O Capital

A obra O Capital, conjunto de livros produzidos por Karl Marx, é considerado um marco para o pensamento socialista marxista. Na obra existem uma série de conceitos importantes como: capital variável, mais valia, capital constante, salário, acumulação primitiva, entre outros.

É claro que este pequeno texto não trata destes conceitos em sua profundidade, que só podem ser compreendidos e aprofundados na leitura da obra de Marx. Porém, é um pontapé inicial para que você possa ter uma noção sobre algumas ideias apresentadas por Karl Marx, e com isso, se interessar por ler toda a obra deste importante autor.

E por falar nisso, você pode começar lendo o livro CRÍTICA DO PROGRAMA DE GOTHA disponível para baixar aqui no site.

A acumulação primitiva do capital

Para iniciarmos nossa discussão sobre O Capital, é necessário compreender como tudo iniciou, ou seja, como se deu a acumulação primitiva inicial, onde o capitalismo recém-nascido procurou seus dois meios de produção: a força de trabalho “livre’’ e o capital.

Desde o principio existe esta dualidade, os fortes sobressaem sobre os fracos, daí então se tem o domínio de uns sobre os outros. Além disso, foi no período feudal que este fundamento teve inicio, pois, enquanto os camponeses trabalhavam incansavelmente, os senhores feudais, apenas estabeleciam ordens sobre os trabalhadores, de modo que estes muitas vezes ate morriam inocentemente.

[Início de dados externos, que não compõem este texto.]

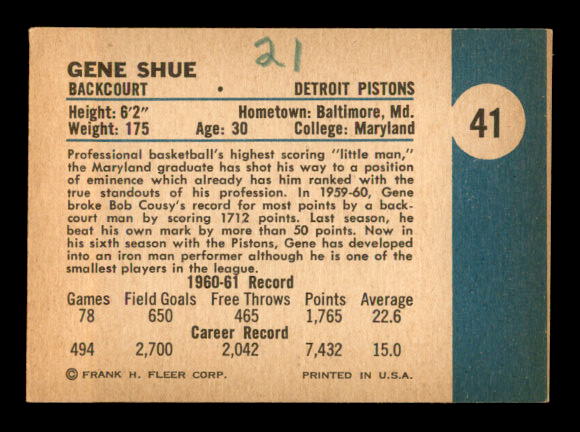 1961-62 Fleer #41 Gene Shue back image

A nobreza é formada pelos donos dos feudos ou senhores feudais. Era considerada a classe mais alta do feudalismo. Dona das grandes propriedades rurais, exercia o poder absoluto sobre as demais classes. Dessa forma, a classe se dividia em suseranos, que eram os donos da terra, e vassalos, que eram os servos trabalhadores.

o capital
Ilustração medieval de homens colhendo trigo com ganchos, exemplificando o exercício do poder sobre as classes mais pobres. Fonte: https://commons.wikimedia.org/

A organização da sociedade

Deste modo, podemos ter noção de como a sociedade vinha sendo organizada. Para que possamos compreender quais são os fundamentos econômicos e sociais da sociedade burguesa, na qual os homens seguem três fundamentos de exigências, a primeira delas é a seguinte: eles devem produzir as coisas, a segunda: distribuem entre si os produtos de sua atividade, e a última é: cada membro consome os produtos distribuídos segundo suas necessidades.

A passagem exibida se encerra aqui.